May 19, 2000
SPENCER MICHELS: Eight months ago there was dancing in the streets of East Timor. Residents celebrated the end of bloody violence and began the transition to independence after nearly 25 years of Indonesian military occupation. But today the reality of widespread devastation from fighting has sunk in, in this territory of 700,000 people. East Timor, a former Portuguese colony, was annexed by Indonesia in 1975, against the will of many East Timorese. Last August, in a U.N.-sponsored referendum, nearly 80% of East Timorese voted to secede from Indonesia. Among the voters was independence activist and Nobel peace laureate Jose Ramos-Horta, who had sought the referendum for more than two decades.
JOSE RAMOS-HORTA, National Council, Timorese Resistance: (August 1999) For peace in Timor, and for all those who died in the last 23 years.
SPENCER MICHELS: But militia forces, believed to be allied with the Indonesian army, were opposed to independence. And within days of the vote, they took to the streets in brutal fashion, killing as many as 700 and wounding many more. Most of East Timor's buildings were destroyed, as well as the water, power, and communications facilities. The violence ended in October after Indonesia, under foreign pressure, withdrew its army, which deprived the militia of support. Indonesia agreed to allow international peacekeepers from Australia and elsewhere to police East Timor and enforce a cease-fire.

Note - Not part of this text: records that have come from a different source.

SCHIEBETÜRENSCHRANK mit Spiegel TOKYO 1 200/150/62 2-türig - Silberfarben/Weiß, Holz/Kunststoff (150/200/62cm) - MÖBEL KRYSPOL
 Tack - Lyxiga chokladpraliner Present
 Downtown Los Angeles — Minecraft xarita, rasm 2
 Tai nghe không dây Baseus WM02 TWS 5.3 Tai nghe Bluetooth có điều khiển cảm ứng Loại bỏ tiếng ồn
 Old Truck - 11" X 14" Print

Meanwhile, a new President took over in Indonesia: President Abdur Rahman Wahid, also known as Gus Dur. His government proceeded to open war crimes investigations against top Indonesian military commanders. The Australian-led force that arrived in September was replaced in February by a 15- nation U.N. force. That group is overseeing East Timor's transition to self-rule over the next two to three years. Economic help arrived this year as well. The World Bank and other groups pledged $500 million in developmental assistance.

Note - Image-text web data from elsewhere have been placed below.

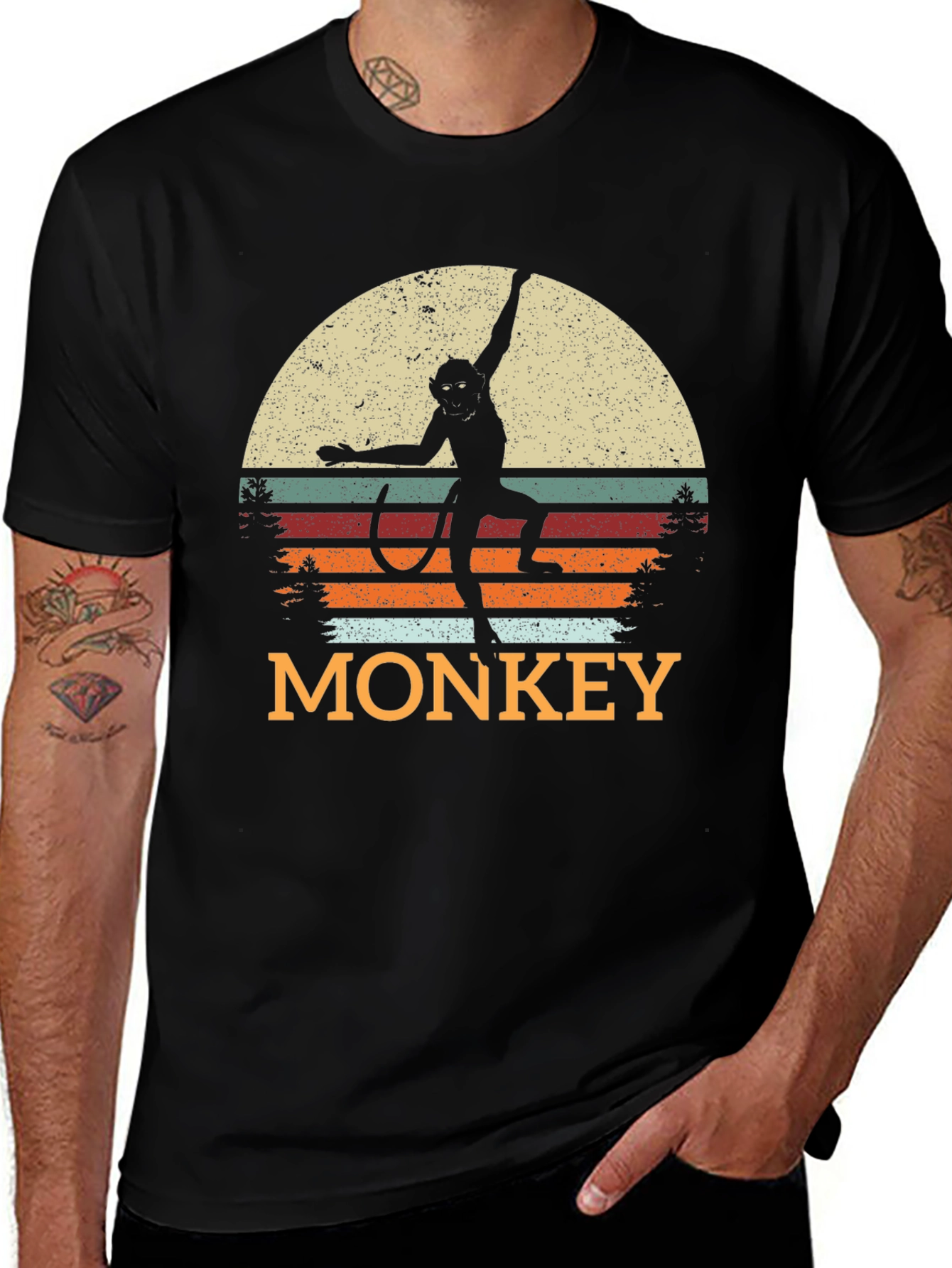 Variant 25 of Retro Monkey Graphic T-Shirt
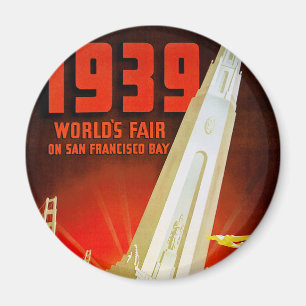 1939 Weltmesse San Francisco Magnet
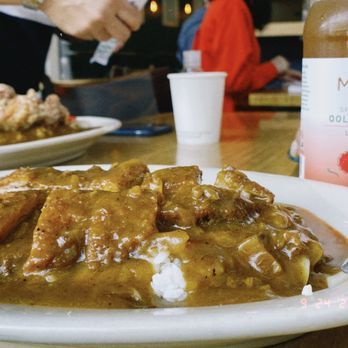 Nippon Curry San Francisco - Pork Katsu Curry with Cheese Moshi Oolong Lychee - Japanese Curry Near Me - San Francisco, California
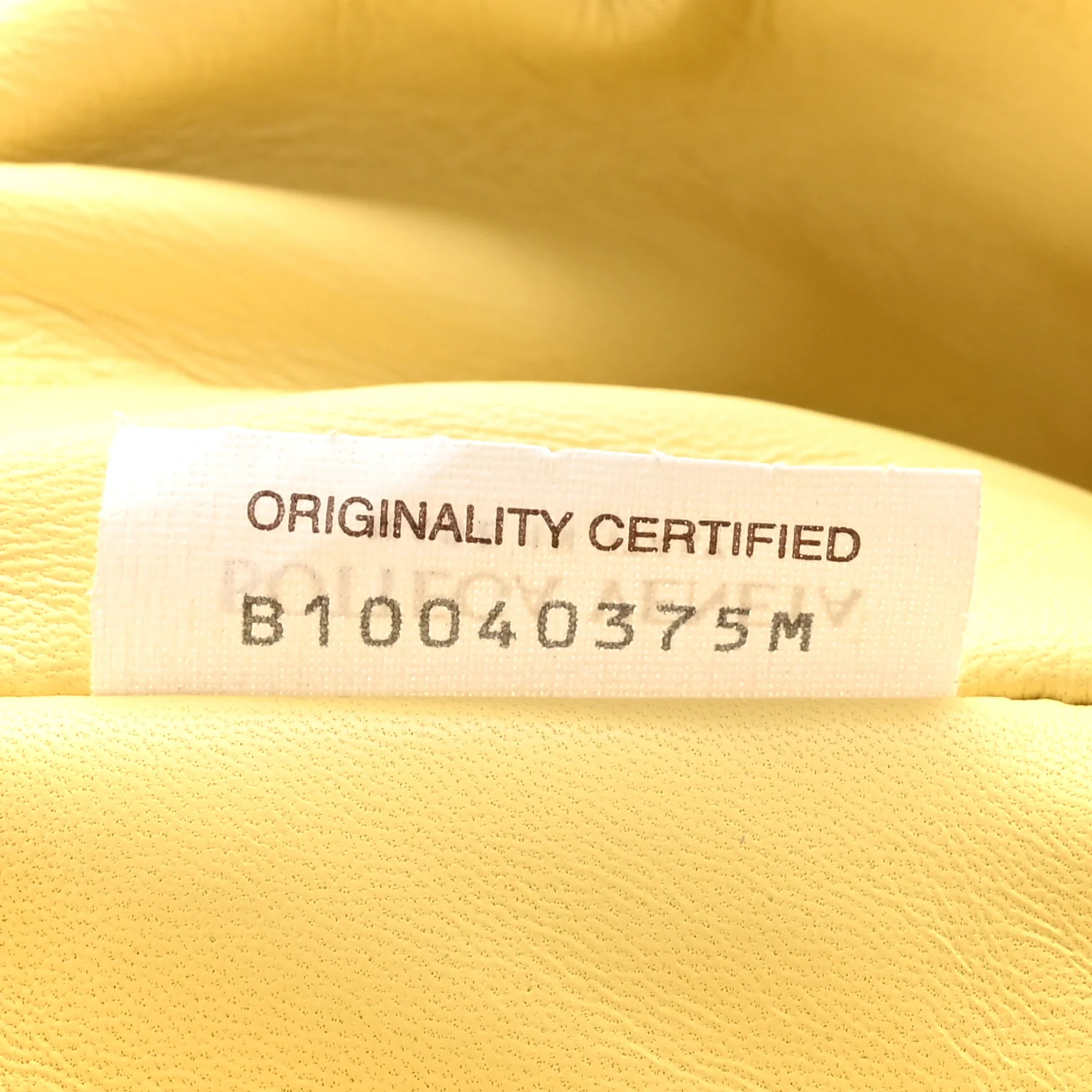 Paper Calfskin Puffy Flap Butter Brass - Top Club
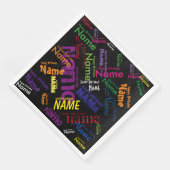 Name Happy Birthday Standard Dinner Napkins hinzuf Serviette (Ecke)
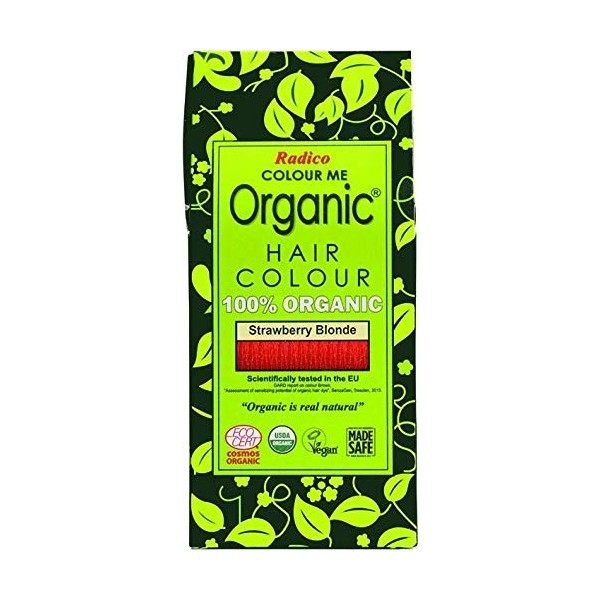 RADICO Coloration pour cheveux biologique - Colour Me Organic - Couleur - Rouge Auburn - Auburn Red - 100g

JAMES WOLFENSOHN, President, World Bank: (October 1999) It is you who owns the programs. It is you who will develop the initiatives. And I am here merely to tell you that we are anxious to help and that help starts today.

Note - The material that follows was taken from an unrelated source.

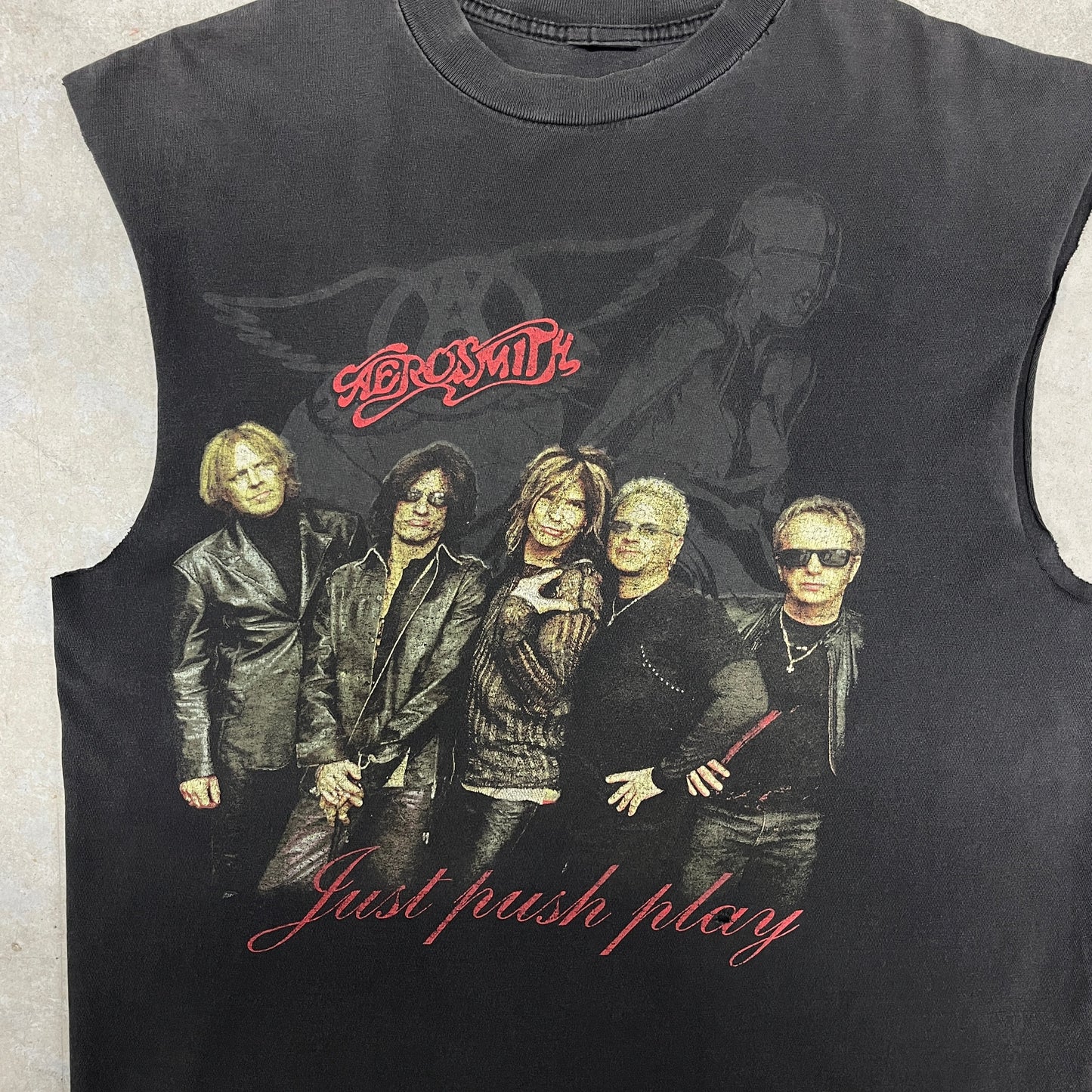 (L) Vintage Aerosmith Band Shirt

SPENCER MICHELS: But the economic task is daunting. Eight in ten adults are unemployed. The main crop, coffee, has been largely destroyed, and there are few qualified engineers, doctors, or teachers; most of those jobs were held by Indonesians. In addition, there's no permanent currency or central bank. So the situation is far from stable. In addition, many militia members are still armed.
CANCIO LOPES DE CARVALLO, Militia Leader (Translated): The people say to me, if we are confined to live in these conditions, when our future is uncertain and very poor conditions, we have to keep fighting. And if we have to keep fighting, that means we need weapons.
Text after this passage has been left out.